The risk mitigation programme having passed through our internal quality control procedures will be issued in final form to a firm. The PRISM application will then track progress with Risk Mitigation Programme actions until they are complete. It will send the supervisor alerts as actions by the firm become due. It will also prompt the supervisor to assess and rerate the riskiness of the firm following the completion of the Risk Mitigation programme action. If the supervisor judges that the way in which a firm has effected an Risk Mitigation action has not resulted in the risk being reduced to an acceptable level, he or she will write a replacement Programme, requiring further action by the firm or, perhaps, requiring a third party or a specialist team from within the Central Bank to take action. Wilful non-compliance with Risk Mitigation Programme will be taken seriously with enforcement action being considered in instances where it is apparent that failure to comply with a Risk Mitigation Programme has left a firm in breach of a regulation or law.

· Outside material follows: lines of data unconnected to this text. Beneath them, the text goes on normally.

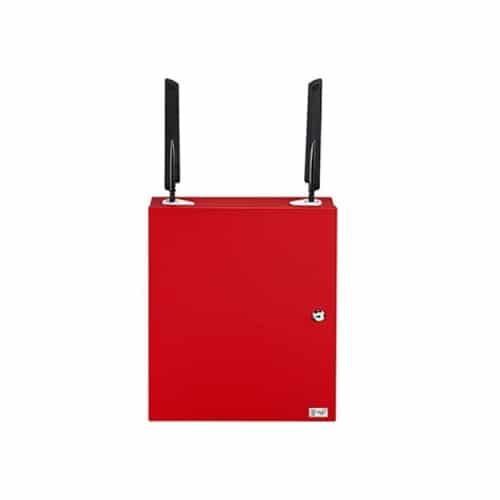Honeywell Home LTE-CFA AT&T Internet and 4G High Security Fire Communicator for VISTA Control Panels (Replaces IGSMCFP4G)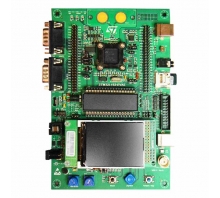STM32L152-EVAL bild
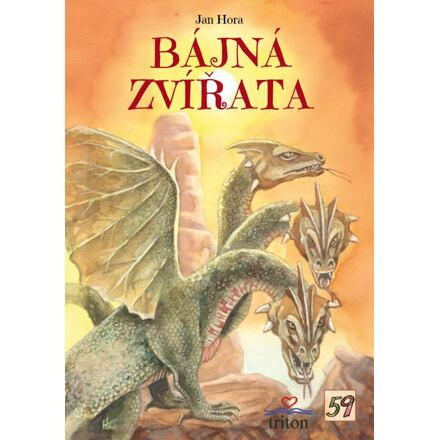 Bájná zvířata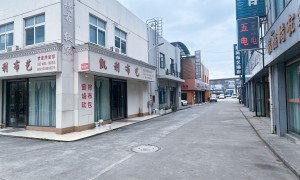 软装墙布店实力参考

Spotting trends and tracking risks

One advantage of supervisors using an integrated system to challenge firms, judge risk and mitigate unacceptable risk is that, over the course of time, the Central Bank will assemble a powerful quantitative and qualitative database about the riskiness and behaviour of firms. The senior leadership of the Central Bank will be able to review management information on evolving risks across sectors and sub-sectors, enabling us to consider whether a policy or enforcement response might be appropriate, alongside the firm centric work of individual supervisors.

We will also be able to track which firms are habitually non-compliant in terms of working with us in a timely manner to mitigate key risks and take appropriate action. As a Central Bank we have Management Information already but PRISM will offer us a new dimension by cutting newly aggregated data in fresh ways, enabling us to monitor emerging risks in different sectors much more easily.

Clarity and Consistency for Regulated Firms

As you’d expect, I’ve focused for much of this speech on the benefits which PRISM will deliver in terms of financial stability and consumer protection but, moving to risk based supervision offers real benefits for firms, particularly for firms with sound business models. Let me explain what I mean:

Firstly, PRISM creates a common framework for Central Bank supervision of financial firms. In doing so it should help us achieve consistent supervisory interaction with equivalent firms. Concerns around inconsistency between firms have been raised with me in the past; I hope firms and trade bodies will find PRISM helps address those concerns.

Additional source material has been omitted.